Axiom Space hired 10 people to design and construct the spacesuit of the future. It will be worn by the next NASA astronauts to step foot on the moon --hopefully in 2025. The new suit is a lot different from the ones used the first time around -- more than 50 years ago.

Axiom Space hired 10 people to design and construct the spacesuit of the future.

It will be worn by the next NASA astronauts to step foot on the moon --hopefully in 2025.  The new suit is a lot different from the ones used the first time around -- more than 50 years ago. 

FOX 35 talked to three of the people who helped design and construct the new blue and orange suit.

Stella Elmore worked for NASA back in the 1980s and came out of retirement for this new challenge.

"I think it's great. I worked so many years and I retired and came back and it is more exciting now than it was before," she said.

Elmore said she made the trousers, the light blue trousers, and the jackets that had the expandable back. They also made all kinds of bags. She was even able to meet Sally Ride, the first American woman to visit space.

Zach Paugh is making the gloves for the new suit.

Before coming to Axiom, he designed costumes for Cirque De Soleil" and worked on the show "KA" in Las Vegas.

He is also a lover of everything Star Wars and makes his own outfits for cosplay events, so designing a spacesuit was right up his alley.

"There are a lot of Star Wars and Star Trek fans here, so we talk Star Wars and Trek lines all the time, so it's a good time," he said.

Pamela Cooper designed men's underwear for Calvin Klein before coming to Axiom.

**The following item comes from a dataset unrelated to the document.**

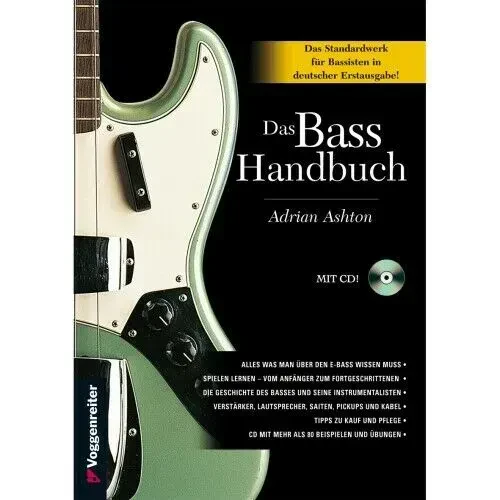 Учебное пособие Voggenreiter Das Bass Handbuch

"People joke that lingerie is the rocket science of fashion because you have to deal with so many contours on the body," she said. "It is the hardest part of the body to make patterns for, but a spacesuit is a lot harder to make." 

Just like with underwear, with the new suit, comfort is key.

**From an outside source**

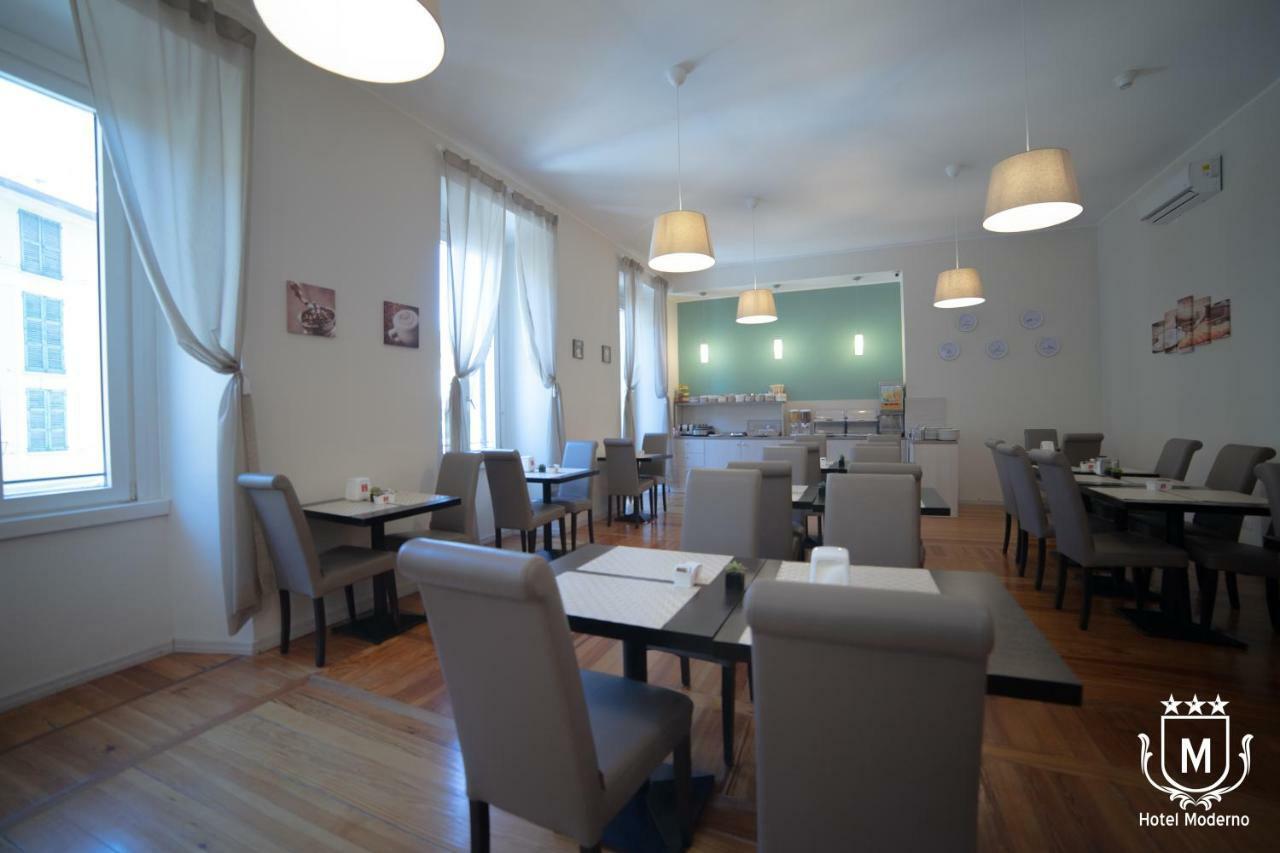 Hotel Moderno Lecco Kültér fotó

In addition to being softer than the old one, the new suits – technically referred to as the Axiom Extravehicular Mobility Unit (AxEMU) – are also interchangeable in order to fit almost every astronaut no matter their size or gender.

"We have a standard of 8 arms, 4 legs and then we have like 3 different sizes for small, medium, large. We are thinking about small people, women, big men."